Sin ir más lejos, el año 2022 se realizó un estudio en América Latina que daba cuenta de que en el caso de los trabajos formales, en que las relaciones laborales se caracterizan por un vínculo de dependencia y subordinación, un 78% de las trabajadoras chilenas reconocen haber experimentado algún tipo de violencia laboral. Además de ello, un 33% de las mujeres reconoce haber vivido violencia sexual en el lugar en que presta servicios, más del doble que señalan haber experimentado los hombres.
Una situación de riesgo similar a la previamente mencionada viven las trabajadoras que no poseen siquiera herramientas jurídicas para protegerse, como son aquellas que realizan los trabajos reproductivos de sus hogares día a día, o trabajadoras informales que arriesgan su salud y vida sin protección y reconocimiento estatal de sus labores, siendo por el contrario, criminalizadas. Un trabajo sin horario, sin posibilidad de denuncia, y sin medidas de protección, es finalmente mas allá de un trabajo, como ha sido dicho, una herramienta de perpetuación de violencia y desigualdad.
La propuesta de texto emanada por la Convención Constitucional reconocía explícitamente los trabajos domésticos y de cuidados y su lugar central en la economía. Además, dictaba la creación de un Sistema Nacional de Cuidados para avanzar en desmantelar esta estructura que perpetúa la inequidad de género y acentúa la violencia hacia mujeres y disidencias. Es por ello que, aun con las críticas y autocríticas que hacemos al proceso señalado, muchas vivimos hasta corporalmente el pesar del rechazo.
Hoy, ad portas de un nuevo proceso de cambio constitucional, el sentimiento es de desconfianza y preocupación, sobre todo porque las bases de éste fueron fijadas a puertas cerradas y, convenientemente para algunos sectores, se ha definido una integración que contempla en una buena parte a representantes de quienes han validado y reafirmado institucionalmente el sistema de silencio y opresión que ha sido descrito. Por ello, si bien es innegable la fragmentación de los movimientos sociales desde el 04 de septiembre, y el legítimo decaimiento de quienes estuvieron por meses sosteniendo la revuelta en las calles, y hospitales y hogares en la pandemia, no puede ser una posibilidad abandonar por completo nuestra posición de resistencia, menos considerando el fuerte avance que ha tenido en los últimos años la ultraderecha.

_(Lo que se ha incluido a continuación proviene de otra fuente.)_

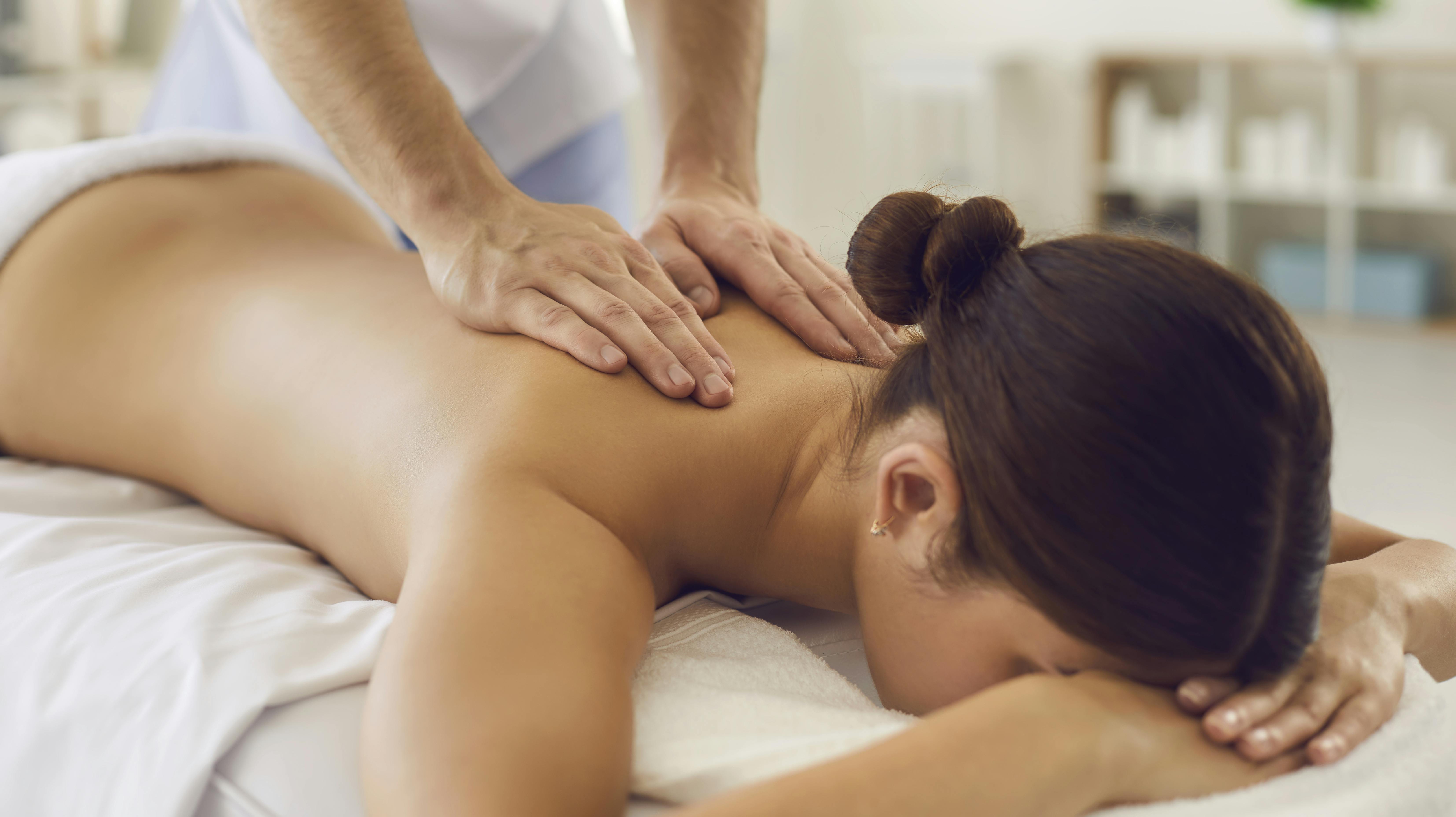 Faceless brunette woman lies on the couch and receives a massage of the neck-collar area from a professional masseur. Hands of the massage therapist on the body of the patient close up.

Justamente este año se cumple medio siglo desde el golpe de Estado cívico militar, y como bien declara la Coordinadora Feminista 8 de Marzo, la huelga tiene un carácter de memoria. No es una memoria abandonada, lejana, sino una memoria viva. Somos quienes presenciamos la impunidad por cincuenta años, quienes vivimos los embates de la mirada ciega del sistema de dictadura a nuestro trabajo. Somos quienes no pueden paralizar sin consecuencias, quienes no tienen horas de descanso. Por eso, así como la huelga legal mejora la posición de quienes negocian, levantar la huelga general feminista es una vez más una oportunidad no sólo de reivindicar nuestra posibilidad de paralización, sino también de mostrar nuestra posición de fuerza de cara a un proceso que debería pertenecernos, y que no puede obviar aquellas normas que se disputaron por las feministas todo el 2022 para avanzar en la lucha contra la precarización de nuestras vidas.